Tremblement de terre

Jusque-là, on connaissait la 9e Symphonie de Bruckner selon Evgeni Mravinsky dans un enregistrement glaçant et crépusculaire datant de 1980. Expérience fascinante qui a ses inconditionnels mais qui me laissait dubitatif : l’orchestre n’était plus dans ses meilleures années, le geste même de Mravinsky me semblait univoque, rien de l’immensité de ses Septième et Huitième Symphonies ne se retrouvait dans cette exécution fermée à double tour.
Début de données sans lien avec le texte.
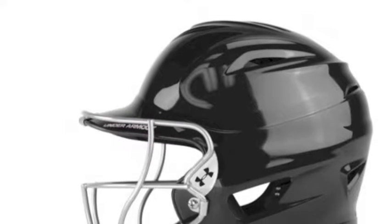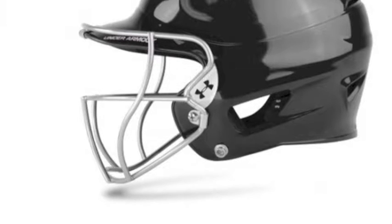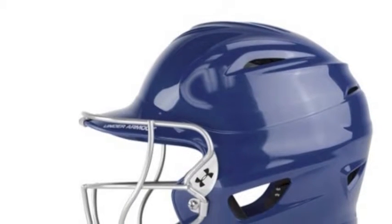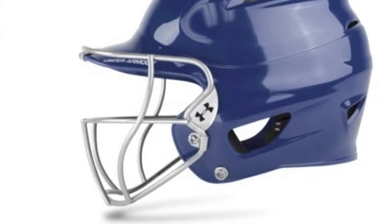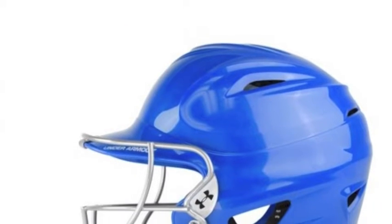The Under Armour Adult Fast Pitch Padding Helmet features a face mask with a profiled bottom bar that protects your face without compromising your swing. The helmet features breathable, dual-density foam padding that manages sweat and increases protection.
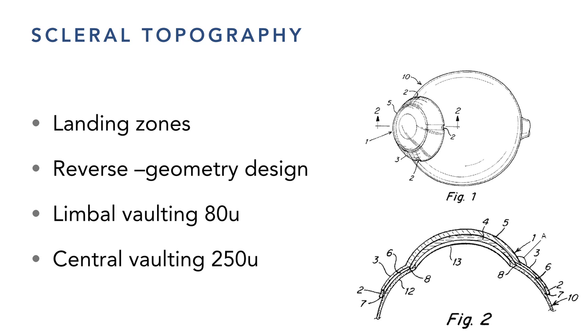Fenestration means drilling small holes in the lens. We used to drill three little holes in the middle of 8mm PMMA lenses back in the 70s for oxygen, since PMMA supplied none and we were dependent on tear flow. We're playing with fenestration again now because one of the problems with sclerals is poor tear flow underneath. There's something to it for improving tear exchange.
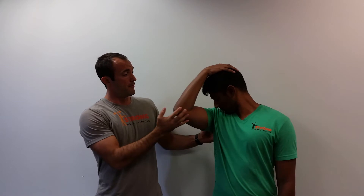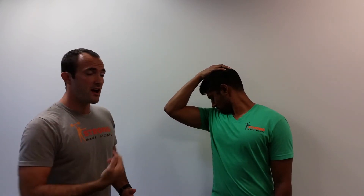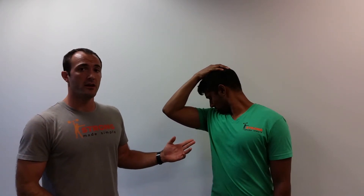To stretch some of the muscles of the back side of our neck, we're going to turn our head all the way to one side and then reach back and grab the crown of our head with our palm. From there, you're simply going to let the weight of your arm pull your head down, kind of like you're trying to check your deodorant.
Mais voilà qu’Yves Saint-Laurent révèle ce concert du 28 février 1968. La prise de son est autrement somptueuse qu’en 1980 (un frigidaire), l’Orchestre Philharmonique de Leningrad au sommet de son art, avec un quatuor imbattable, probablement le plus beau au monde alors. Et quel voyage !, Mravinsky osant des rubatos, des portamenti, des accents qui font mentir sa réputation de chef implacable. Et comme cela chante tout au long du premier mouvement, Feierlich absolument.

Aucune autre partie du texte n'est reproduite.